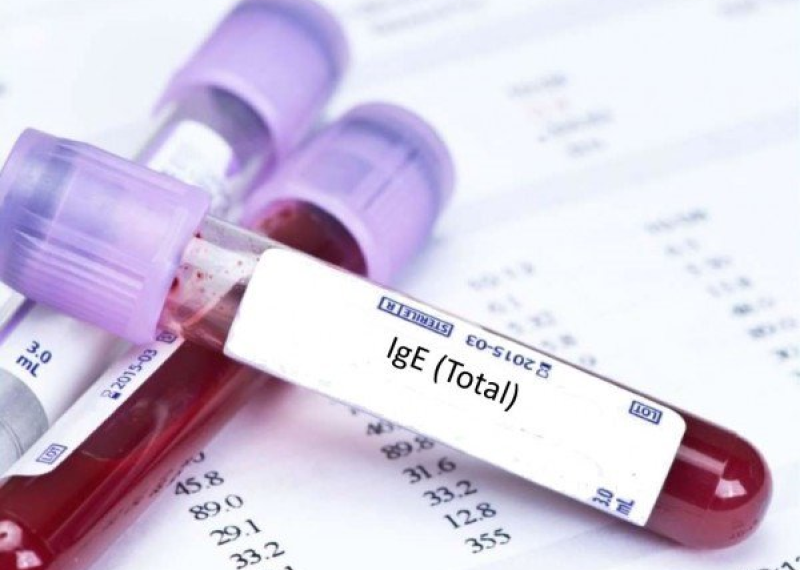 Xét nghiệm Globulin miễn dịch E (IgE)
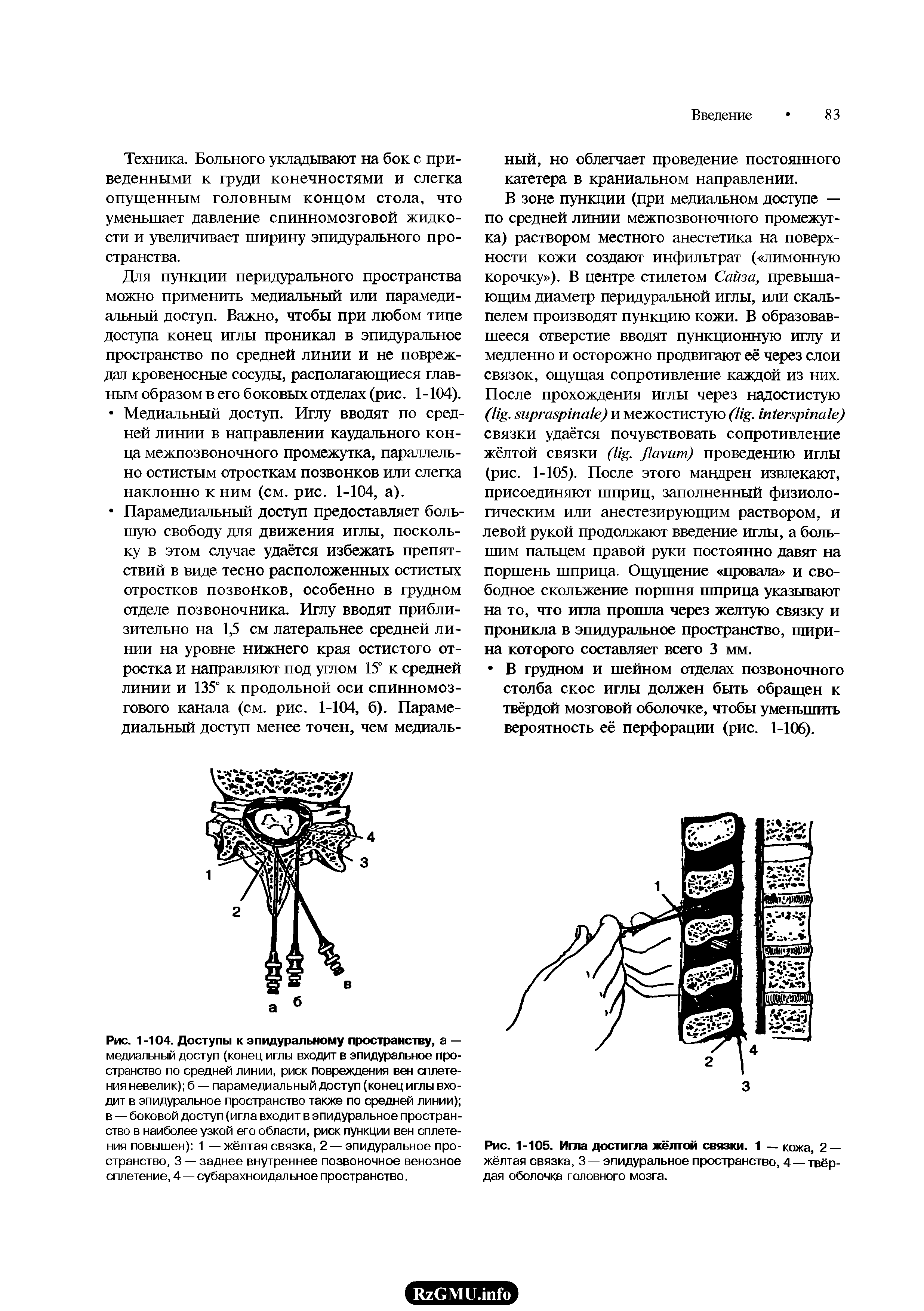 Рис. 1-105. Игла достигла жёлтой связки. 1 — кожа, 2 — жёлтая связка, 3 — эпидуральное пространство, 4—твёрдая оболочка головного мозга.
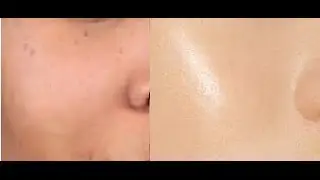 How to Get Crystal Clear Glowing Skin, Spotless Skin Tone | DeTan, Pimple Clean - SuperWowStyle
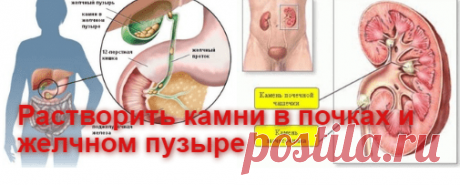 Старинный русский рецепт очищения организма от солей | Советы целительницы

▬▬▬▬▬▬▬▬▬▬

**YOUR ASSIGNMENT:** Your copy of the material above should be exact and free of pictures.

**YOUR SOLUTION:**
 Xét nghiệm Globulin miễn dịch E (IgE)
 Рис. 1-105. Игла достигла жёлтой связки. 1 — кожа, 2 — жёлтая связка, 3 — эпидуральное пространство, 4—твёрдая оболочка головного мозга.
 How to Get Crystal Clear Glowing Skin, Spotless Skin Tone | DeTan, Pimple Clean - SuperWowStyle
 Старинный русский рецепт очищения организма от солей | Советы целительницы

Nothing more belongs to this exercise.